A portion of this morning was spent cutting up apples for our first fresh homemade applesauce of this season. We had been gifted with a bushel of newly picked apples from our friend's farm. Turns out these are real old-fashioned baking apples from a very old tree, tart and a little dry for eating, but perfect for saucing or baking into pies - the batch transformed quickly (in less than 30 minutes) into a smooth creamy rich sauce. You can't find apples like this at the store, that's for sure! Our little one couldn't help but try a bite out of apple after apple, putting each one down with another look of disappointment on her face at the unexpected sourness of the flavour - I guess having a whole bushel of gleaming apples standing on the floor was just too
irresistable.
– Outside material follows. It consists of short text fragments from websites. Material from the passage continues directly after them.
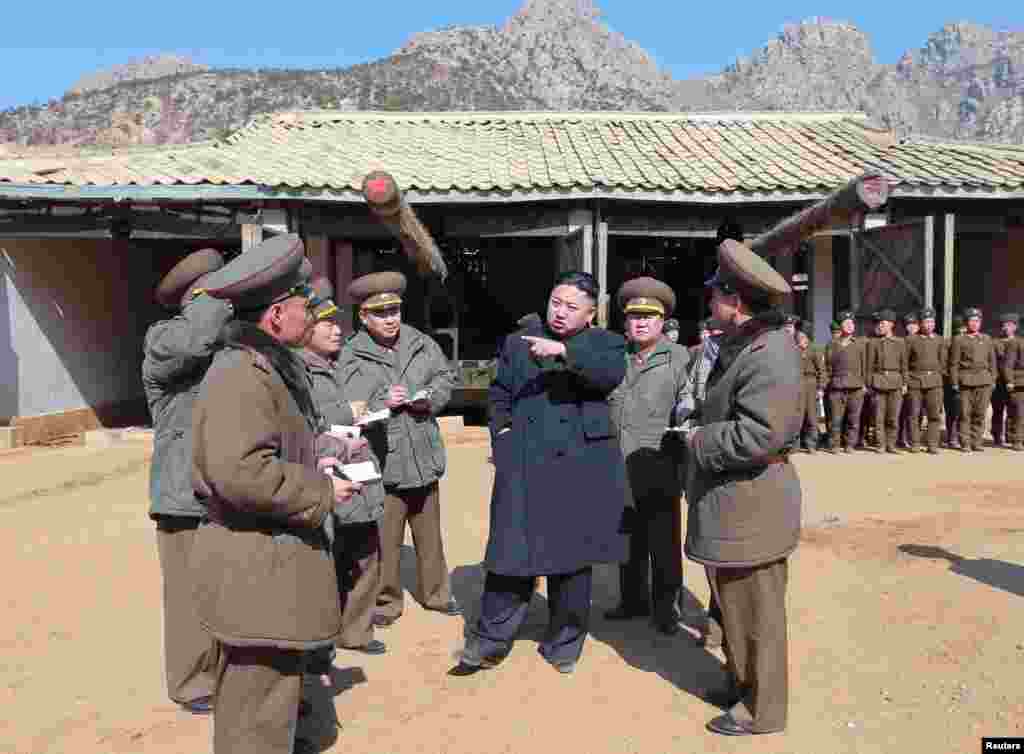 Ким Џонг Ун во посета на артелиреиска батерија. 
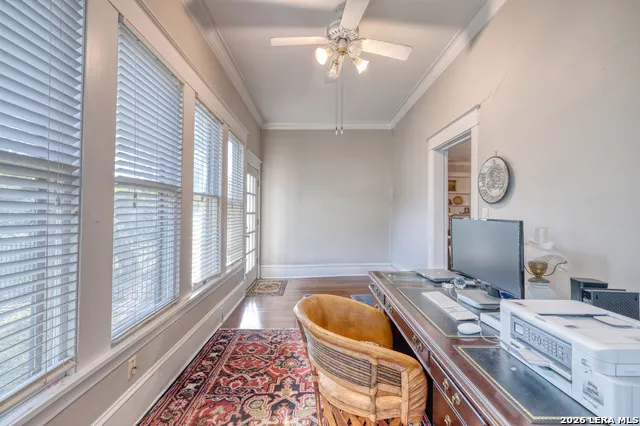 423 PARK ST Uvalde, TX 78801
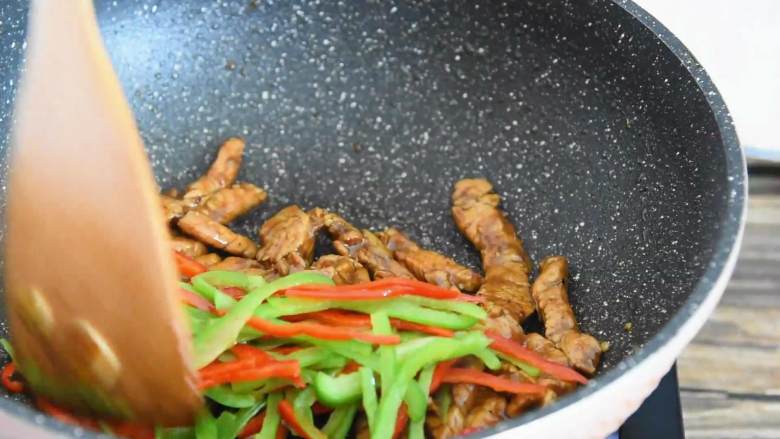 家常黑胡椒猪柳的做法，试过一次就能让你爱上它,倒入辣椒，继续翻炒。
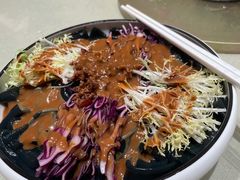 特色黑拉皮-将相和·海鲜蒸饺大连菜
She was amazed at how the flavour changed into delicious sauce, after the apples cooked down.
Here are a few simple techniques for making perfect homemade applesauce to you liking:
Method A) Quarter, core and chop apples, including skins. Place in large pot with enough water to cover the bottom. Bring to a boil, stirring frequently, and then simmer on reduced heat until softened. Check to ensure the sauce does not burn on the bottom, stirring occasionally and adding a little more water if necessary. Sauce can be pureed in food processor or food mill if you want a uniformly smooth texture. Optional, add sugar or other sweetener, and/or cinnamon.
Method B) Using an apple coring device, peel and core apples. Then chop into smaller sections. Follow above directions for cooking down into sauce. This sauce, without skins, creates a slightly smoother texture.
Method C) Quarter and chop apples, but do not take the time to core them. Follow directions for cooking down into sauce. Then, using a food strainer, or apple sauce sieve, strain the sauce through the mesh and compost the seeds/peels.